Unemployment is down to its lowest figures since 2008 with an increase of over 10 million jobs reported just since 2010. The fall in unemployment resulting from the boon in job availability has made it a great time for home buyers looking to buy property. Higher employment and a stabilized inflation rate shows promise for a healthy U.S. economy that bankers and other mortgage lenders can feel confident about. Other factors that have kept inflation rates below the predicted 2% range are falling energy prices. Current inflation is closer to 1% than the previously projected 2%. The Federal Reserve stated that they believed the rates would begin to rebound back to the 2% range, but by March, the inflation rate had barely budged.

The low rates are associated with mortgage rates, one of the reasons for the currently low interest rates that continue to fall. Right now is when buyers should be thinking about taking advantage of these rates. The mortgage interest rates are at the lowest point of the current month.


In October 2014 the Federal Reserve announced the 3rd quantitative easing round, known as QE3. The QE3 program began in September 2013, buying over 80 billion dollars in bonds every month. These purchases were split between treasury bonds and mortgage-backed securities.

The desire was to create a rise in demand that would cause prices to fall. For Americans it meant that interest rates on mortgages would go down. That program has been a resounding success. In just a few weeks following the launch rates fell to the lowest percentage ever and home owners jumped to refinance at the new low interest.

Last year the Federal Reserve began to phase out the QE3 program.
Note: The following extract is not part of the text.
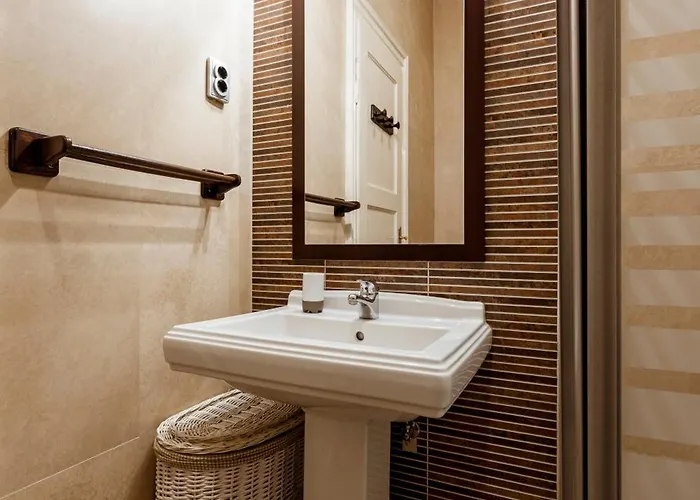 Apartment Andrassy Avenue 24 De Lux *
They did it slowly by reducing purchases by $10 billion per month until it was down to $0. That removed the artificial floor on interest rates, but in spite of what some thought would cause a spike in interest, rates continue to fall. Interest rates are now at historically low levels. The lowest they have been in close to two years.

The incredibly low rates have caused a stir in the market. Buyers, both foreign and domestic, of mortgage backed securities are grabbing up loans, especially those backed by the safety of products such as Fannie Mae, Freddie Mac and Ginnie Mae. Continued low inflation rates should keep investors seeking dollar-denominated assets backed by the U.S. and hold interest rates at the low rates currently being offered.

Thanks to the economic atmosphere created by the increase in economic stability, low inflation and strong securities backing, applicants for home loans are now seeing quotes in the mid-3% area along with low APR rates. The low interest and rising home values due to a stable economy, home buyers are enjoying better buying power than the beginning of 2014. That means millions of American home owners are “in the money” when refinancing at the new low rates.